For the last nine months, I’ve been in charge of developing activities for the non-profit where I work part time. Key phrase: nonprofit. Translation: we need programs for seniors but we don’t have any money. Find a way.
As a result, I am working with the historical society to produce a “then and now” presentation featuring our town. This involves sifting through overflowing files for old pictures, then driving around and taking current photographs of the same locations. Once I pull it all together into a PowerPoint, we’ll show it. It’s a proverbial win-win. The town’s elders get some entertainment and the Historical Society (even more of a not-for-profit than Elder Affairs) gets a copy of the final product to do with as they see fit. The process has been educational for me and fun, but more than anything else, eye opening.
You see, our town is old—as in, discovered-by-John-Smith old. Driving around in 2012, I think nothing of passing houses that have been standing for over two hundred and fifty years. The area is a treasure of antique buildings and winding roads that began as cow paths, and for as long as I’ve lived here, I’ve had the sense the place hasn’t changed much since the beginning.
Wrong, wrong, wrong. After digging through the files, I am overwhelmed by all that no longer exists. Three ornate Victorian hotels of the same name all burned to the ground. Grandiose estates, torn down and replaced with suburban colonials, a catholic church, too small for the congregation, obliterated in favor of a vanilla (albeit larger) 1960’s version, a row of stores demolished by the town improvement society at the turn of the 20th century. I would have never suspected the quiet grove now housing a war memorial across from our town common was the former site of a dry goods store, a bakery and a “public market.” Gas stations, car dealerships and guest houses—all gone.
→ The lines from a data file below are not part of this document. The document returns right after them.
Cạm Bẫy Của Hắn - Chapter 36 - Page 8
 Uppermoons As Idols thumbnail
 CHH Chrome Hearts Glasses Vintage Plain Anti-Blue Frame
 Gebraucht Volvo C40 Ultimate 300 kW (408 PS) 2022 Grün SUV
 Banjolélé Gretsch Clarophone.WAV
Even much of what endures, is barely recognizable. The inn at the heart of town has undergone so much restoration, only its address offers a clue that it’s been in business since 1704. The harbor, the home of a flourishing mackerel fleet and a healthy shipping-building industry, now supports a commercial base made up of a handful of lobster boats. They bob at their moorings amidst an array of recreational vessels.
Early history remains in the geography I pass daily, sure, but now I realize nothing is really the same. I’ve learned, through this process, that growth cannot come without loss. Back at home, as I listen to slick and desperate-sounding advertisements for the pen industry during back-to-school-season, I get that the personal computer has prompted the loss of handwriting, the private phone—the loss of the party line, email and texting, and video conferencing, the loss of letters—and through all these improvements, we’ve gained, right?
Would I want to traverse muddy roads, while avoiding horse “deposits” along the way? Probably not. Would I want to wash my clothes via a washboard before lugging them out to dry? Well gosh, I have a hard enough time doing laundry as it is. Imagine having to heat water on the stove in order to take a bath? Would I want to return to a time when I couldn’t vote? To live in an era when I’d be considered my husband’s property? Are you kidding?
And yet, I can’t help but be sad for that which no longer is. For polished mahogany stair rails and carriage houses, for local butcher shops, blacksmiths and fish mongers, for neighborhood schools and linen dresses and long, slow cooked Sunday suppers enjoyed with extended family. For barns and open fields and brick train stations, for wooden hotels peering over the sea and for fisherman delivering their catch to stores less than a mile away. It was a way of life, and there’s no one left to tell us about it. All that remains are the clues we find in old photos.
The most I can hope for I guess, is that someone figures out how to time travel before my life is over. If they do, I’m going back with whatever the digital camera equivalent is at that point in time —and I’m turning the setting to “video.”
If you could time travel, where and when would you visit?